I must have looked like a diehard these past few nights while out for my walks. First it was midnight and there I was out walking with my baby (we’re night owls) and it was FREEZING and she was bundled up like a burrito and so was I, but I was out there getting in my steps. And tonight, this time alone because it was spitting rain so I wore my hat to protect my glasses from water spots (my pet peeve to look through them). Luckily it was much warmer but unfortunately the rain picked up so there I was after 10:30pm walking in the rain with no jacket on. People who drove by me kind of did a double take like “why the hell are you out in this?” Not exactly the equivalent to getting up to jog at 5am in Chicago in the dead of winter, but diehard-ish I guess.
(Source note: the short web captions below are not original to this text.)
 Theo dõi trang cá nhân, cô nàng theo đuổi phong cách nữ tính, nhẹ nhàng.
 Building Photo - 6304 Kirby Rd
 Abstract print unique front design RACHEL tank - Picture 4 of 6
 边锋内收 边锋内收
Anyway, because I was walking by myself for a change tonight, I found it easier to take in the surroundings. I particularly took notice of my shadow (via street lights, not sun obviously since it was past 10:30pm).
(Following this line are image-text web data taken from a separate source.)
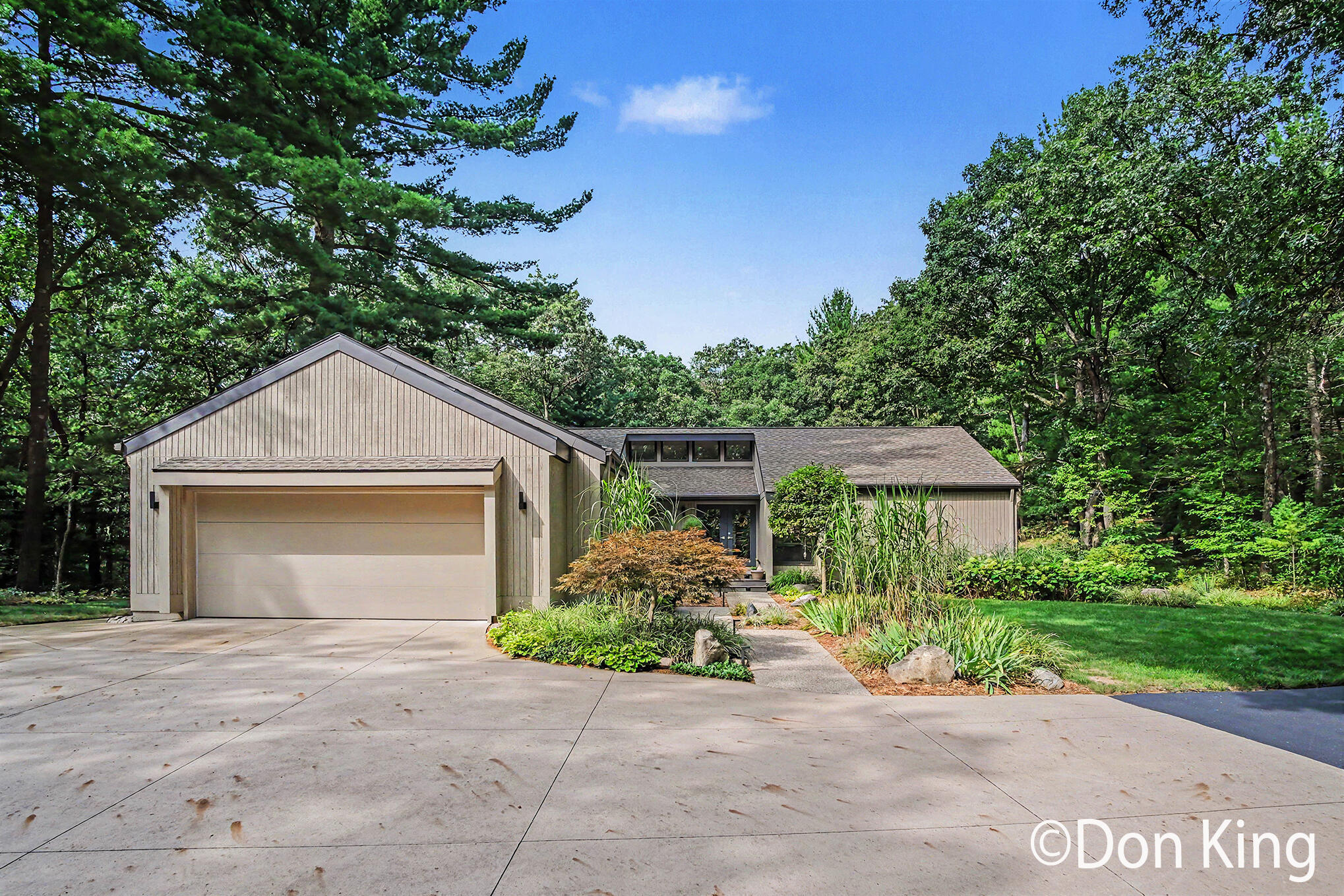9020 Bailey Drive NE Ada MI 49301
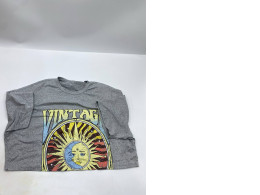 Gray short-sleeved round neck T-shirt Gray short-sleeved round neck T-shirt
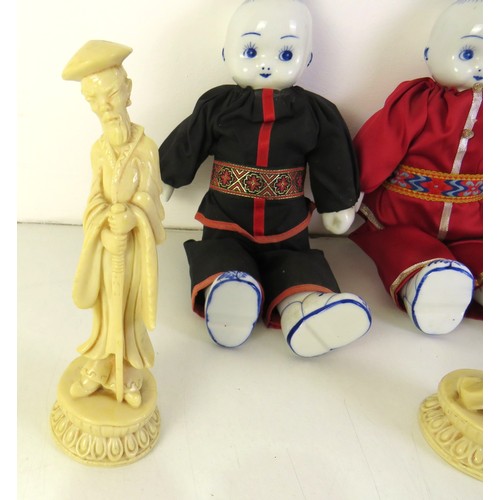 281 - Oriental collectables to includes two Chinese blue and white porcelain dolls.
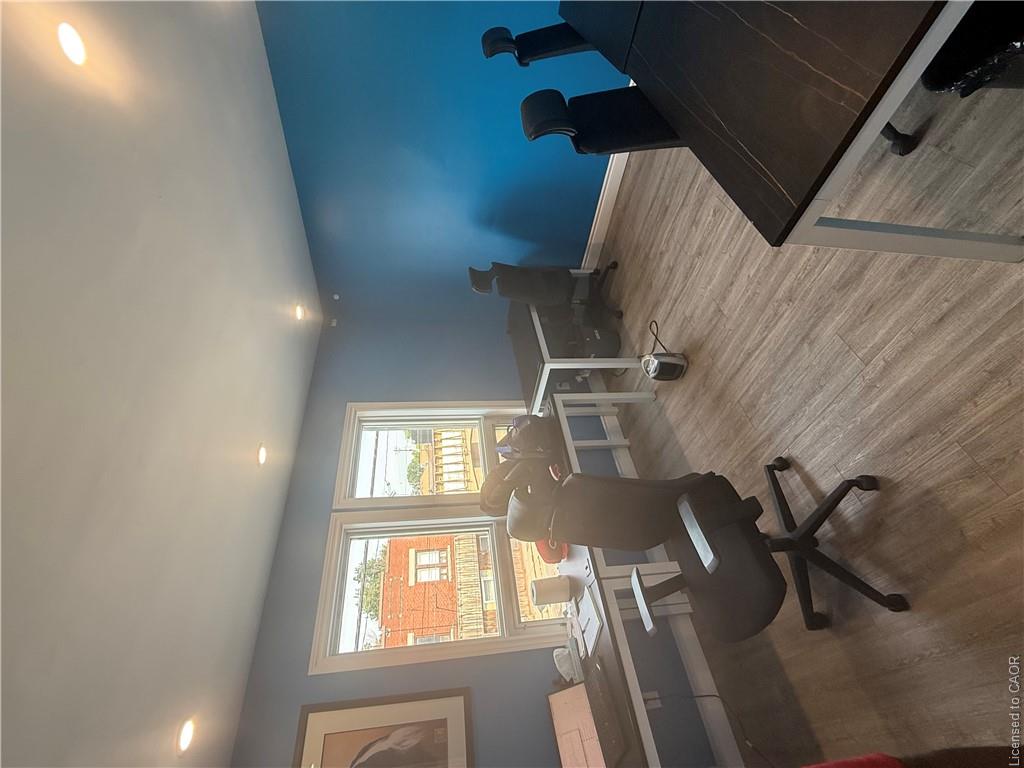 214 Kenilworth Avenue N Property Photo 1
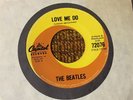 45 RPM Beatles CAPITOL 72076 Love Me Do / PS I Love you RINGO DRUMS VG+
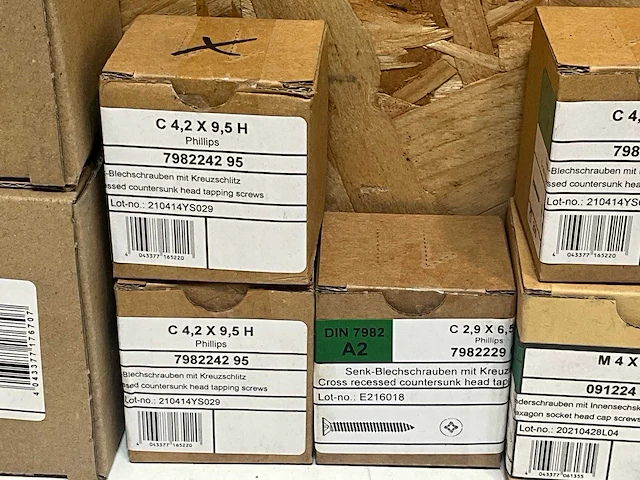 Partij diverse bevestigingsmaterialen - afbeelding 13 van  16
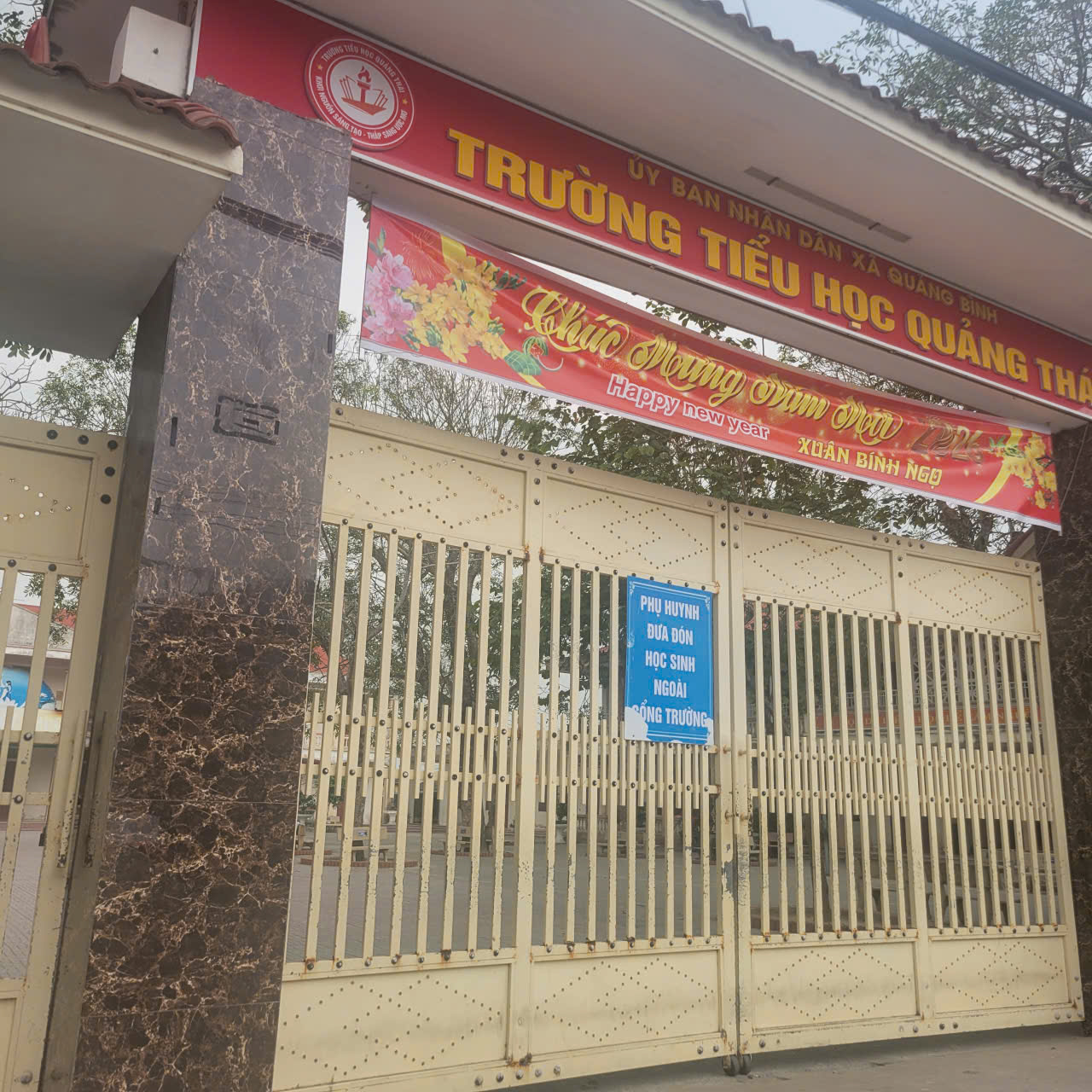 Bán đất Quảng Thái 225m² mặt tiền 20m trục đường 4c - gần biển chỉ 1km, tặng nhà 2 tầng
I love how in your shadow, your imperfections just don’t exist. You can’t see the blemishes on your face, the grey hairs on your head, the little hole in your shirt pocket you should probably get to mending before it gets worse… it also hides your fat.
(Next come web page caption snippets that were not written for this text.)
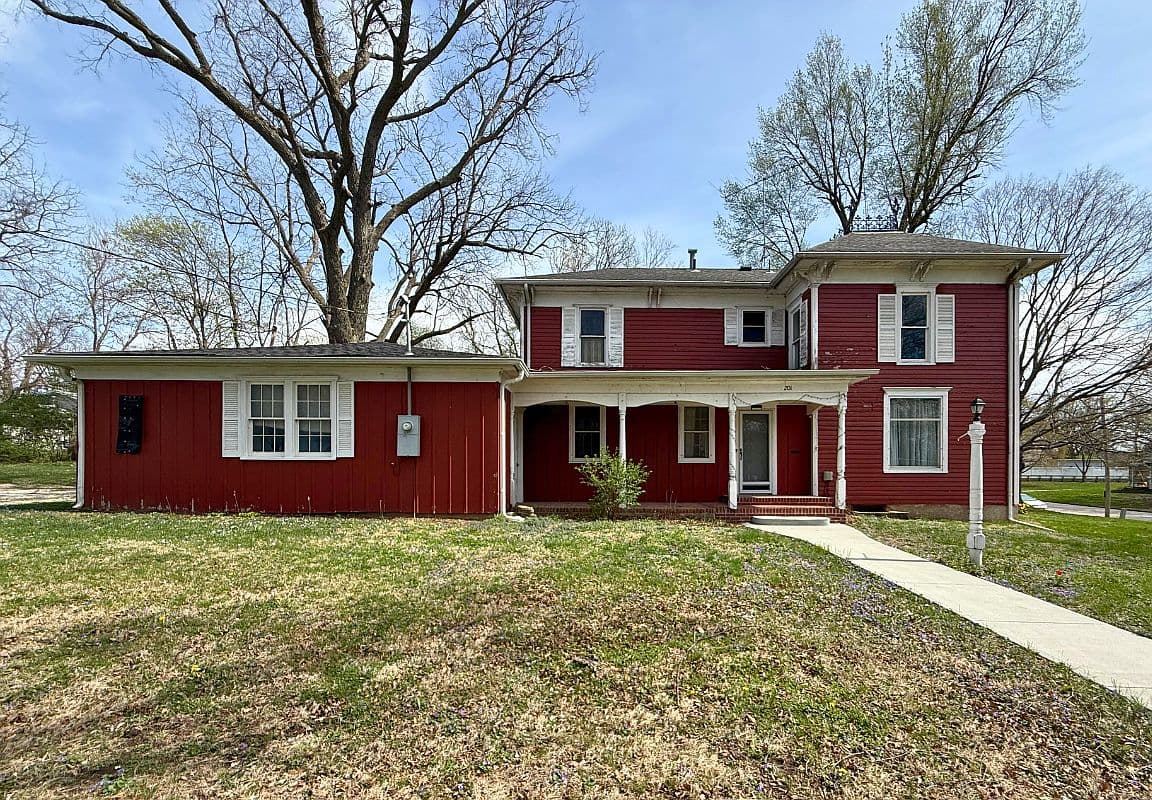 Primary listing photo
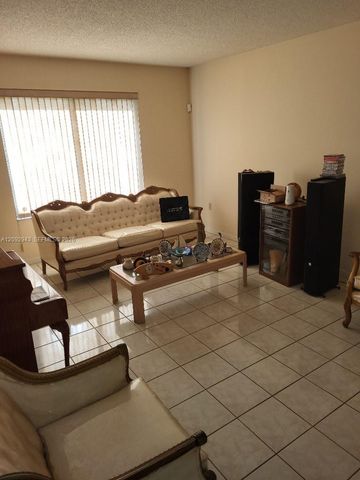 12804 SW 94th Place, Miami, FL 33176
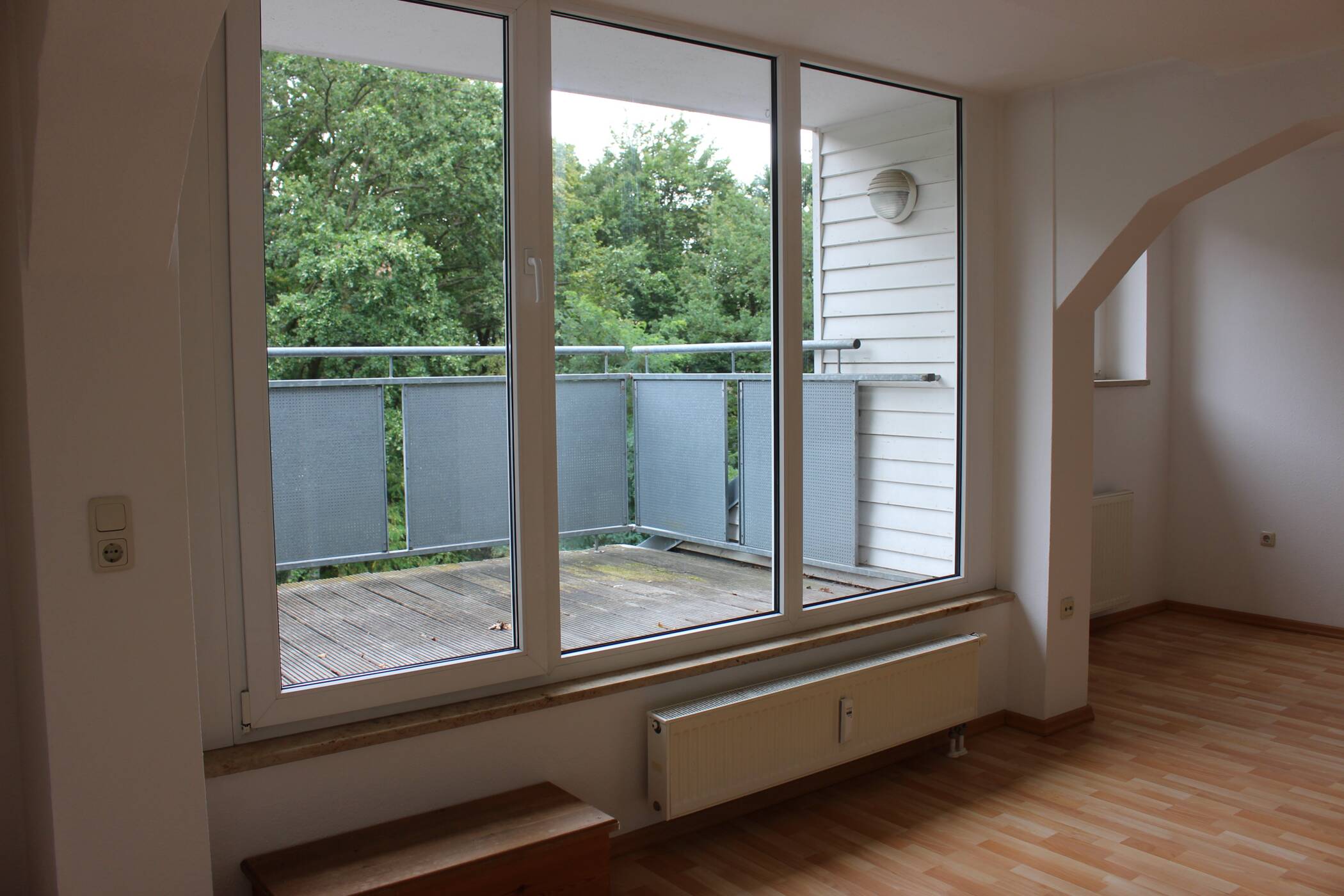 Provisionsfreie 2-Raumwohnung im Dachgeschoss mit Balkon in Oschatz/Fliegerhorst zu vermieten !!!, 4758 Cavertitz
Due to the lovely stretch factor because of the angles of the street lights as I passed, I got to see the shadow of what looked like a healthy fit person. No fat rolls or bumps where there shouldn’t be. I looked long and lean and it was nice to see that.
So there’s my answer – I just need to be 20 feet tall and then I’d be nice and skinny! Ha. That reminds me of this goodie that makes its way through Facebook once in a while:
But seriously, I found seeing that version of me encouraging and found myself standing a little taller and holding my shoulders back more as I walked. I think I came home an ever so slightly taller person… certainly with a heightened mood.